Il y a un peu plus d’une semaine, l’horizon était bien noir pour Reus. Sans repreneurs, en conflit ouvert avec LaLiga, incapables de payer leurs employés et en proie à une dette immense, les dirigeants catalans n’étaient même pas certains de pouvoir finir la saison. Joan Olivier, ancien bras droit de Joan Laporta au Barça et président ganxet qui avait conduit Reus en Segunda, était en train de plonger le club vers les abysses. Évidemment, LaLiga voyait d’un très mauvais œil cette « publicité » et ce serait bien épargné ces tourments. Après avoir proposé de payer la dette, chose refusée par l’effectif, l’entité présidée par Javier Tebas a pris le dossier en main avec la volonté de faire lourdement payer le club pour ses fautes. Retour sur la semaine agitée de Reus.

Dimanche 20 janvier : les abysses

Samedi 19 janvier c’est la panique. Las Palmas, qui doit disputer son match de Segunda à Reus, prend l’avion pour la Catalogne alors que la Fédération et LaLiga font pression pour suspendre le club catalan. C’est un bras de fer qui dure depuis un moment. L’AFE (le syndicat des joueurs, ndlr) et LaLiga veulent exclure de toute compétition professionnelle les rouge et noir. L’AFE est constamment au côté de l’effectif. Une situation qui a eu le don d’agacer l’entraîneur ganxet Xavi Bartolo qui veut maintenir focus sur le sportif le peu de joueur qu’il a encore à sa disposition. La fédération fait l’arbitre mais reste en retrait. Pour le match face à Las Palmas, c’est LaLiga qui prend les devants et passe au dessus de la RFEF. Les dissensions entre Luis Rubiales et Javier Tebas sont encore une fois exposées au grand jour.

Crédits : Spain’s News

Alors que l’entité présidée par Rubiales s’est prononcée pour la tenue du match, c’est bien celle dirigée par Tebas qui prend la décision d’exclure Reus. Un juge prend même des dispositions fortes contre le club. Reus risque 5 ans d’exclusion de toute compétition professionnelle et une amende de 250.000 euros en sus. Le non-paiement des salaires qui a conduit de nombreux joueurs à casser leur contrat et la situation encore plus dramatique des quelque 250 salariés du club constituent des manquements graves au règlement de LaLiga qui veut faire un exemple, surtout que Reus avait déjà connu une situation similaire il y a quelques mois. Joan Oliver est donc au pied du mur et doit trouver une solution rapidement pour éviter que son mandat soit celui de la disparition du club qui fêtera ses 110 ans en novembre prochain.

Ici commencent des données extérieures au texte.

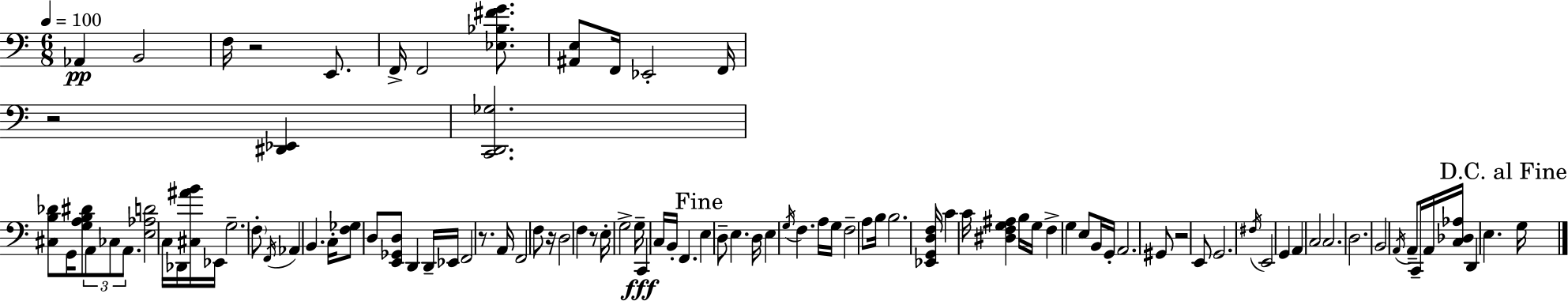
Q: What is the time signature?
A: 6/8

Lundi 21 janvier : la lueur d’espoir

L’ancien bras droit de Joan Laporta au Barça avait assuré qu’il ne partirait que lorsqu’un repreneur se serait manifesté. Après de nombreuses rumeurs, le 21 janvier, un communiqué officiel annonce la vente du club à un fond d’investissement américain, nommé US Real Investment et représenté par Russel Platt et Clifton Onolfo. Sauf que leurs désirs sont en décalage complet avec la situation dramatique du club. Ils évoquent la construction d’un complexe avec notamment un centre commercial autour d’un stade de 18.000 places de style Gaudi (natif de la ville, ndlr). On parle aussi d’une stabilisation du club en Segunda et de plus de 14 joueurs prêts à rejoindre l’aventure. Le duo évoque l’inclusion du CF Reus dans son environnement local, de mobiliser les forces vives de la région pour faire grandir le club. Lunaire.

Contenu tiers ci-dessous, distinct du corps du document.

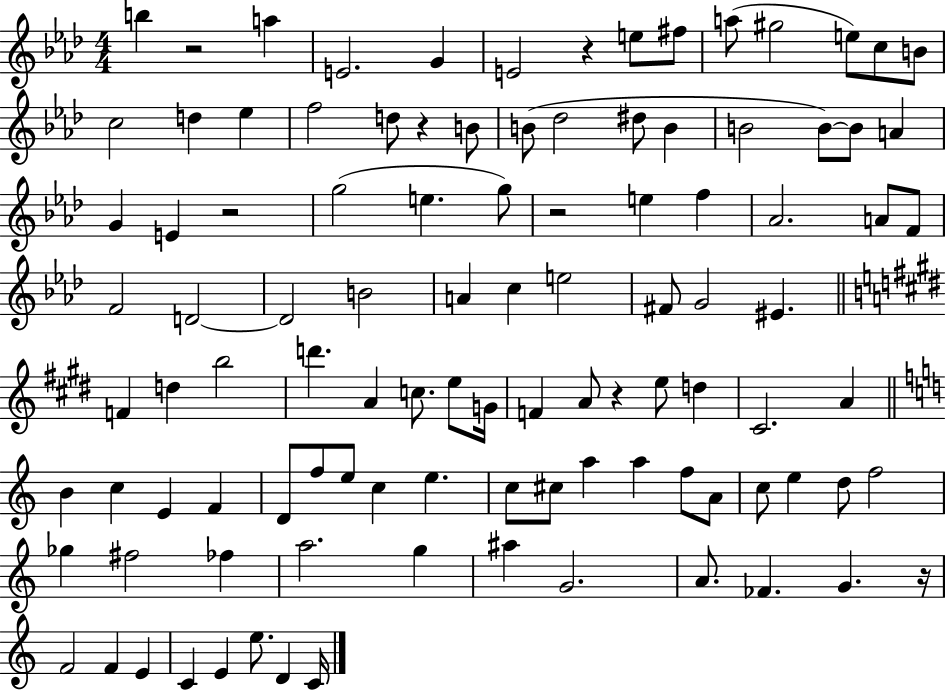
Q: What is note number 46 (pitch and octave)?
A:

« Mes amis qui me connaissent à Londres, où j’habitais, et aux États-Unis, d’où je viens, savent que je ne suis pas un expert en sport. Loin de là. Je laisse toute la partie du développement sportif de l’équipe à mes partenaires et à ceux qui sont déjà impliqués, afin qu’ils continuent d’améliorer tout ce domaine, qui est bien sûr le plus important pour les fans et la population. Mais j’ai une expérience dans l’investissement immobilier qui est mon activité depuis 30 ans et qui rassemble des experts en développement de projets et en recherche de grandes opportunités » Russell Platt sur la découpe des rôles entre les deux repreneurs.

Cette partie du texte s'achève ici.